The following hours remain shrouded in mystery, with almost all of the eyewitness accounts changing over time until the truth of the matter slipped between the gaps. According to Dannemann, she and Hendrix returned to the Samarkand and stayed up talking – or, in other statements, arguing – until around 7.15am. He had taken a “brown bomber” amphetamine pill at Kameron’s party and, having often struggled to sleep over previous months, sometimes for days at a time, asked Dannemann if she had any sedatives he could take.
She offered him a strong German sleeping pill called Vesparax, each tablet a double dose for easing the injury which had stymied her skating career.
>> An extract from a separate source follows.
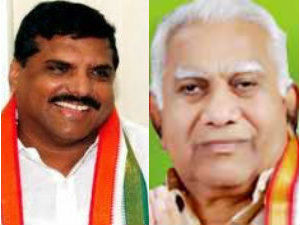 Botsa Satyanarayana - Palvai Goverdhan Reddy Botsa Satyanarayana - Palvai Goverdhan Reddy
It’s unknown how many of the tablets Hendrix took. According to a friend, folk singer Buzzy Linhart, the day before his death Hendrix had complained of being awake for days and a New York doctor had advised Hendrix to take three doses of his regular sleeping pill, considering his tolerance to such drugs. Three or four double doses of the far stronger Vesparax would have been a danger in his weakened state. Dannemann believed he may have taken up to nine.
Dannemann’s story of the timings and events of the following morning changed more than a dozen times over the coming years, and is riddled with inconsistencies. In some, she woke around 9am, in others 10.20am or closer to 11am. In her most generally accepted account, finding Hendrix “asleep”, she went out for cigarettes. On her return, she noticed vomit around his mouth and couldn’t wake him.
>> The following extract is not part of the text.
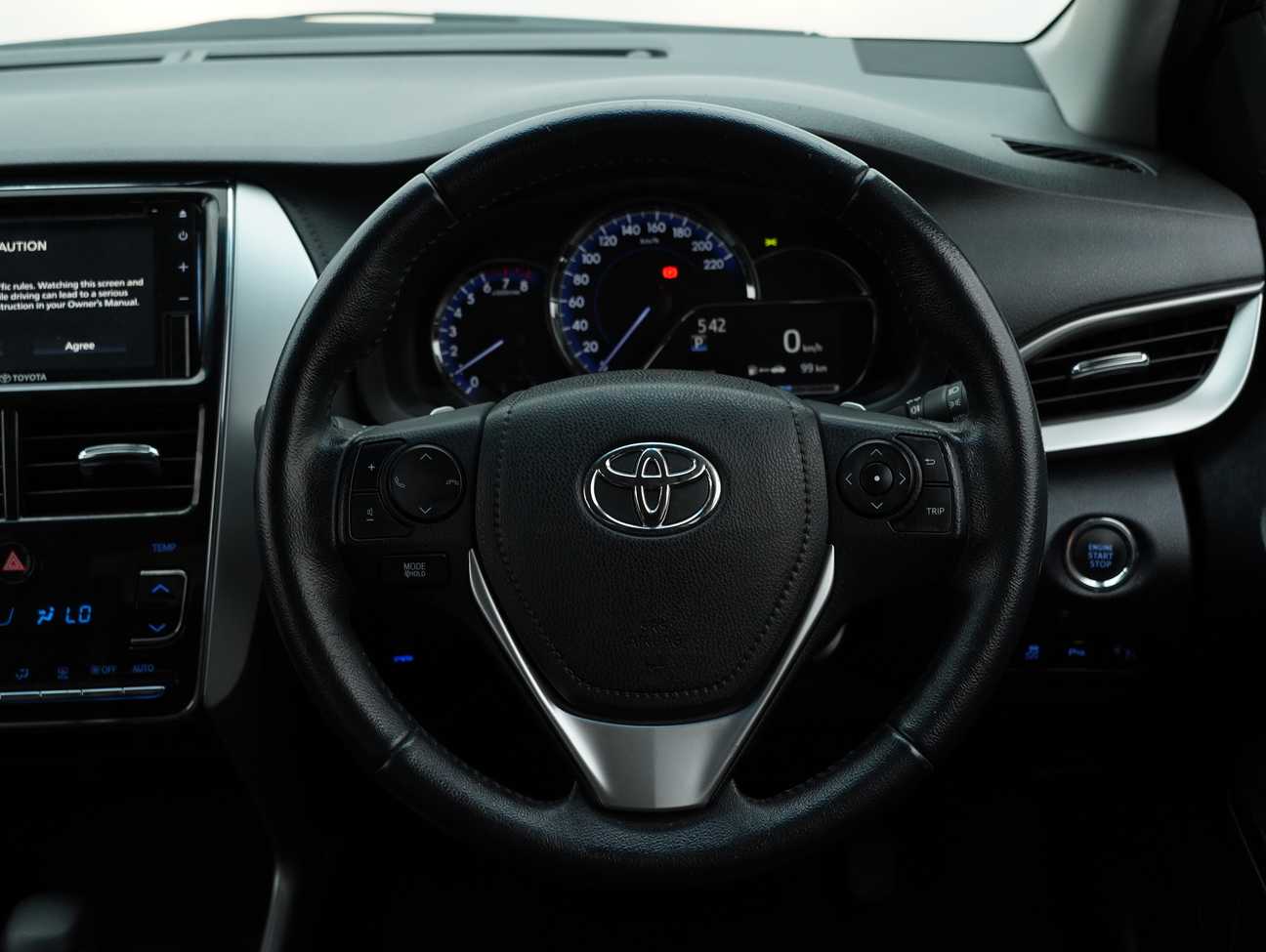 used 2020 Toyota Vios G 1.5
Hoping to find a number for his Harley Street doctor, she called her friend Alvenia Bridges who had spent the night at the Hotel Russell with Eric Burdon. Bridges would claim that Dannemann was hysterical, saying that Hendrix was unconscious and vomiting; she advised her to turn him over to stop him choking, but she failed to do so. Burdon’s story would also alter over time, but he’d variously claim that Dannemann had gone out for cigarettes after calling Bridges and had to be convinced, on a second call, to phone for an ambulance as she was worried about the drug paraphernalia littering the room and afraid that Hendrix would be angry to wake up feeling fine, handcuffed to a hospital bed.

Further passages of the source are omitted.